Will experience translate to fireworks on O?

IN 2013, Oregon State will feature something they haven't had in a while. And it's long been a key in college football, a tipping point in determining wins...

An experienced, senior-laden offensive line.

Oregon State will bring back three seniors up front – LT Michael Philipp, LG Josh Andrews and RG Grant Enger, and four starters overall with sophomore Isaac Seumalo.

Normally a sophomore up front is seen as a liability but Seumalo is the exception to the rule. His true freshman campaign was striking, so much so that he's being tabbed by some for first-team all conference honors this season.

Philipp recaptured much of his previous form this past season, he started off strong in the upset over Wisconsin and played steadily throughout the season.

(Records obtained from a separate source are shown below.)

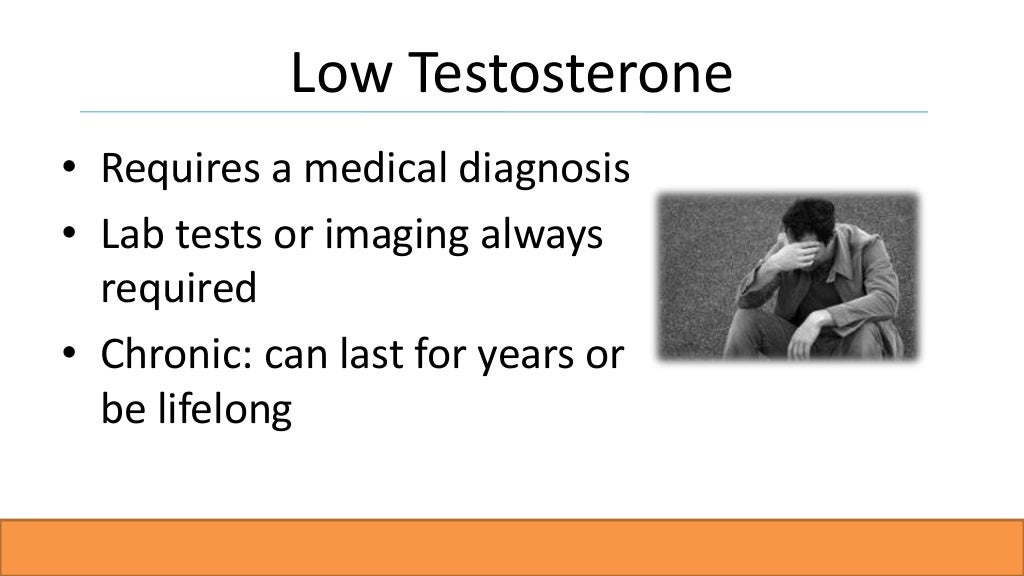 Why low testosterone levels? How Can You Treat Low T?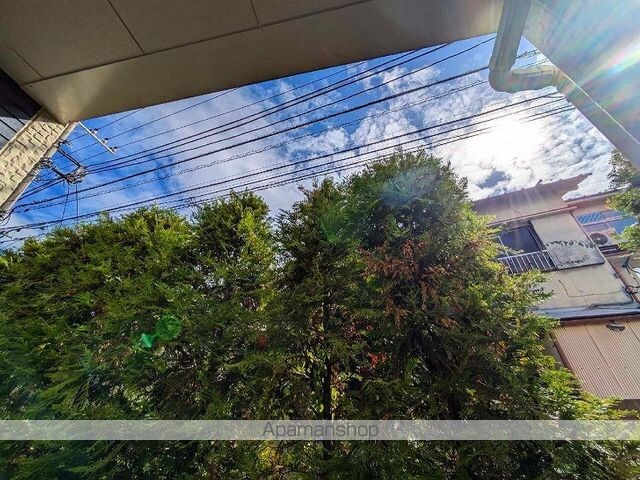 レオネクストヒルズ羽根木[1K/21.47m2]の眺望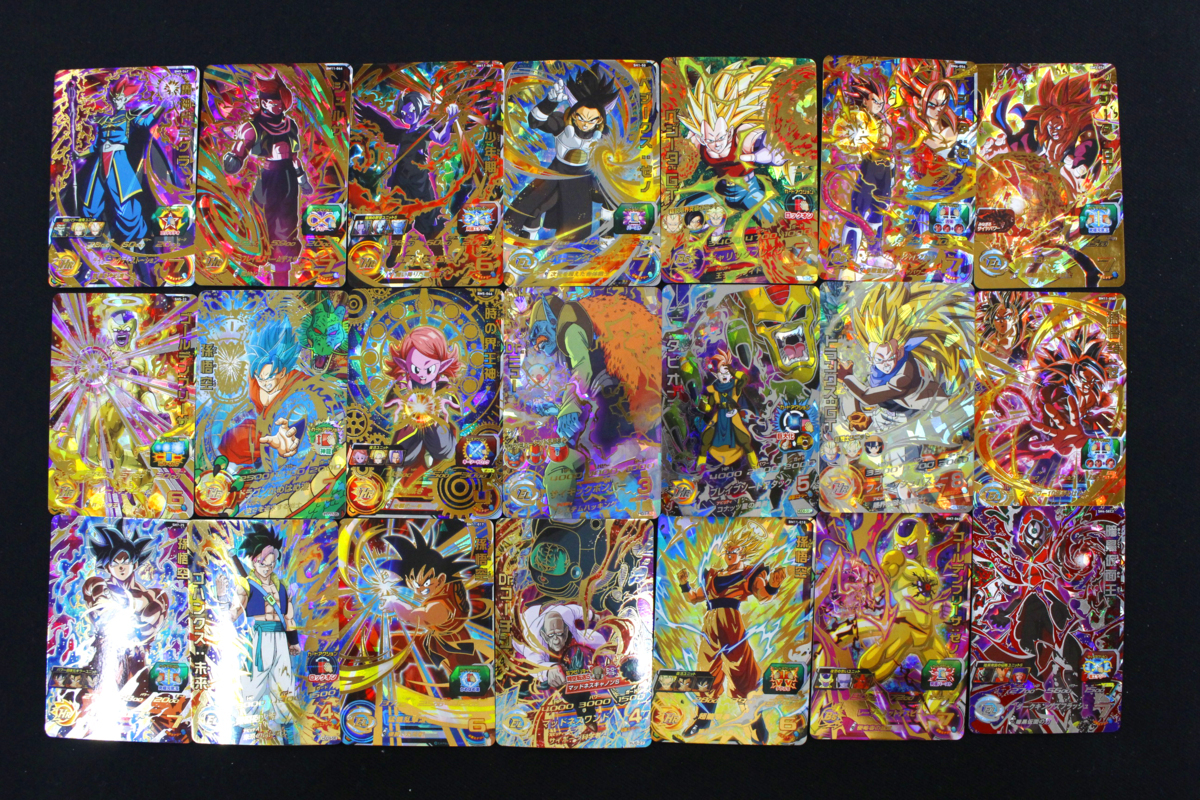 ドラゴンボールヒーローズ sh4-sec2 パラレル 未開封 暗黒仮面王 匿名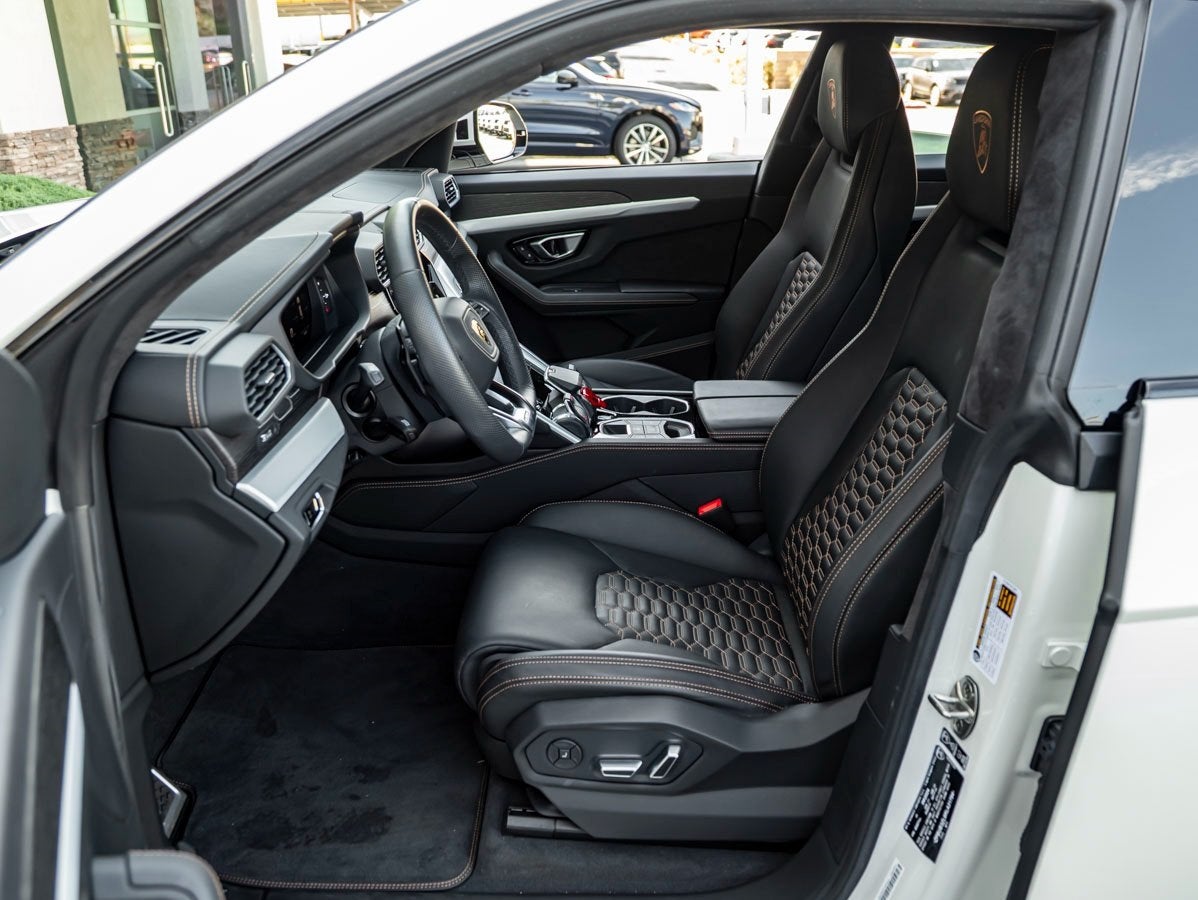 2024 Lamborghini Urus S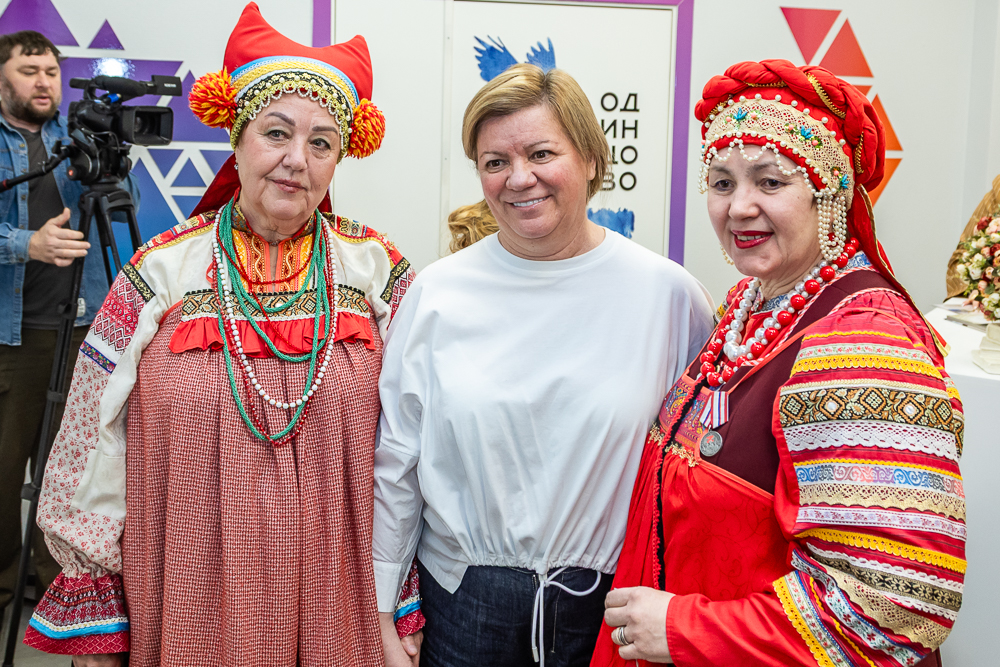 Одинцовской библиотеке №1 - 95 лет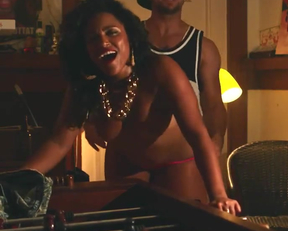 Vivian Lamolli nude - Bodied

Andrews is underrated. He's not flashy -- all he does is neutralize people.

Enger injured his ankle in the loss to Stanford and the Beaver o-line took a step backwards in his absence and as he continued to heal.

The lone position up for grabs is likely right tackle. Derek Nielsen would have likely been the odds-on favorite but he surprisingly transferred to Sac State.

His chief competition would have been Gavin Andrews, the player most are picking to now assume the starting role.

Andrews is a load at 6-5, 325, and he has a background as a wrestler. Those kinds of o-linemen tend to use leverage better and understand pad level earlier. Andrews was a true freshman this past season but is beginning to steadily work his way up the ladder.

Beyond those five, Josh Mitchell, Grant Bays, David Keller, Justin Addie and Roman Sapolu are also in the mix. Mitchell in particular figures to be a valuable piece in that he's versatile, with the ability to line up at any of the interior spots. Headed into the spring, he figures to be the Beavs' super sub at this point.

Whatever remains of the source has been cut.